Hari ke 2, rafif masih terus demam tinggi. Saya coba kasihkan obat penurun panasnya, turun. Namun saat efek obatnya hilang, rafif kembali demam tinggi. Begitu seterusnya sepanjang hari. Tapi alhamdulillah dia masih mau makan dan menyusu. Hanya sedikit rewel ketika mulai demam.
Hari ke 3 saat jadwal kontrol, rafif masih juga demam. Saya dan suami akhirnya memutuskan untuk kontrol ke rumah sakit. Disana rafif kembali dilakukan cek darah namun lebih lengkap. Ada NS1 dengue dan CRP. Namun lagi2 hasilnya bagus semua. Dengue negatif, CRP pun negatif. Dokter malah memberikan resep antibiotik dan 2 macam vitamin.
Kamipun pulang dengan banyak pertanyaan. Rafif sebenarnya sakit apaaa.

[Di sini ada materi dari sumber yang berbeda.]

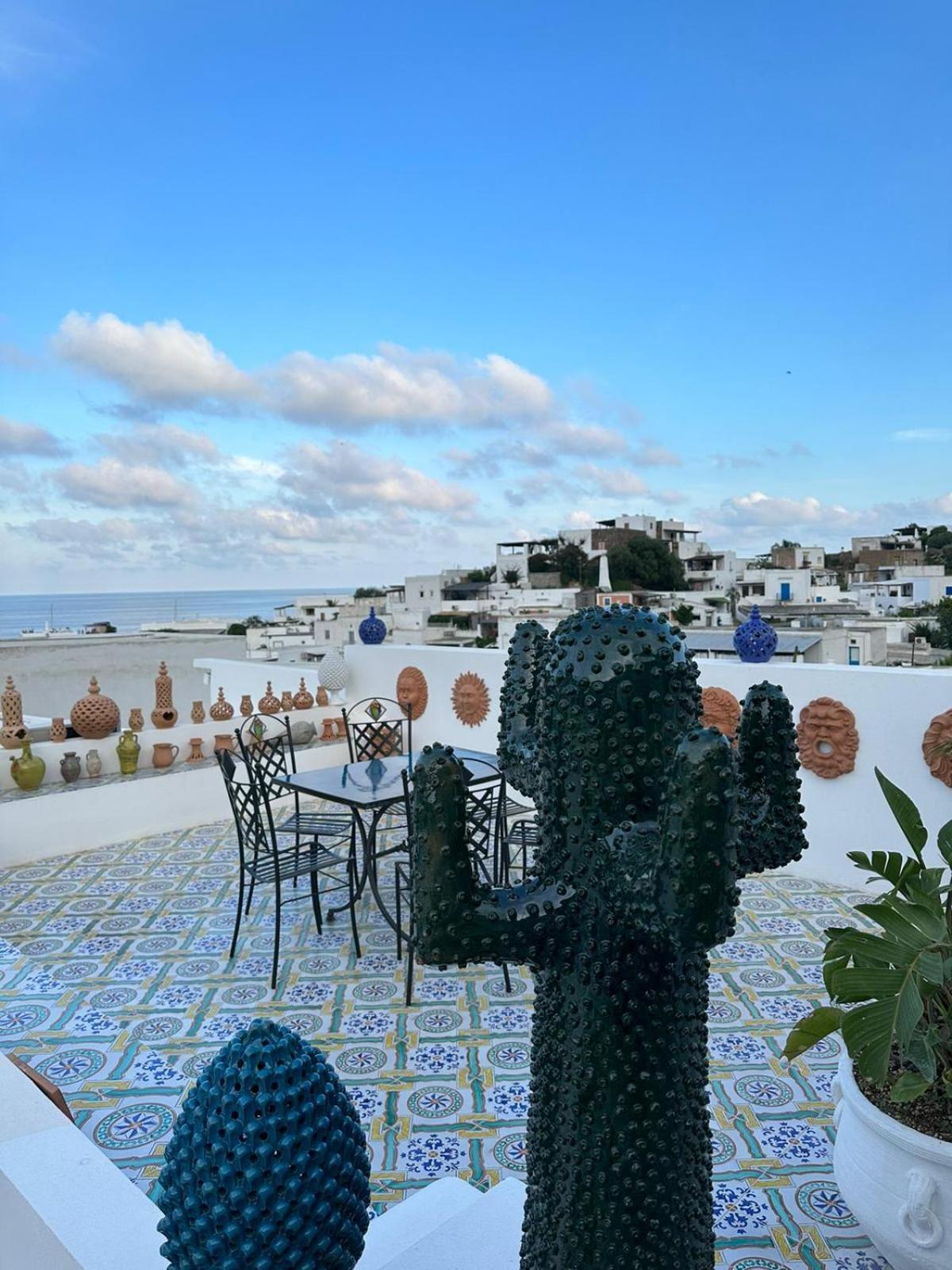 Art B&B Panarea Luaran gambar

Keesokan harinya hari ke 4, demam rafif mulai turun tanpa pemberian obat penurun panas dan antibiotik. Alhamdulillah. Tapi di wajah, perut, punggung mulai muncul ruam merah. Berkelompok dan banyak. Demam reda, ruam merajalela. Saya pun mengingat2 gejala ini, teringat anak teman saya pernah mengalami hal serupa. Saya pun bertanya. Ternyata itu penyakit roseola infantum.
Roseola infantum adalah penyakit akibat virus herpes yang biasanya menyerang bayi berusia 9-12 bulan. Gejala yang dialami adalah peningkatan suhu tubuh mendadak dan tinggi diatas 39 derajat selsius. Saat deman turun mulai muncul bercak kemerahan atau ruam di bagian dada punggung dan bisa menyebar ke bagian wajah dan leher. Bercak merah tersebut bisa berupa timbul maupun datar.
Setelah mencari tahu, saya mulai lega. Untungnya saya tidak buru2 memberikan rafif antibiotik. Karena rafif ternyata memang terkena infeksi virus yang tidak membutuhkan antibiotik. Rafif hanya perlu istirahat dan makan serta minum yang banyak.
Selama sakit, tidak berkurang kelincahan dan keaktifan dia. Alhamdulillah.

Semoga rafif segera sembuh dan selalu sehat. Aamiin. Ayah sama ummi sayang sama rafif. I love you so much dear. Kiss kiss.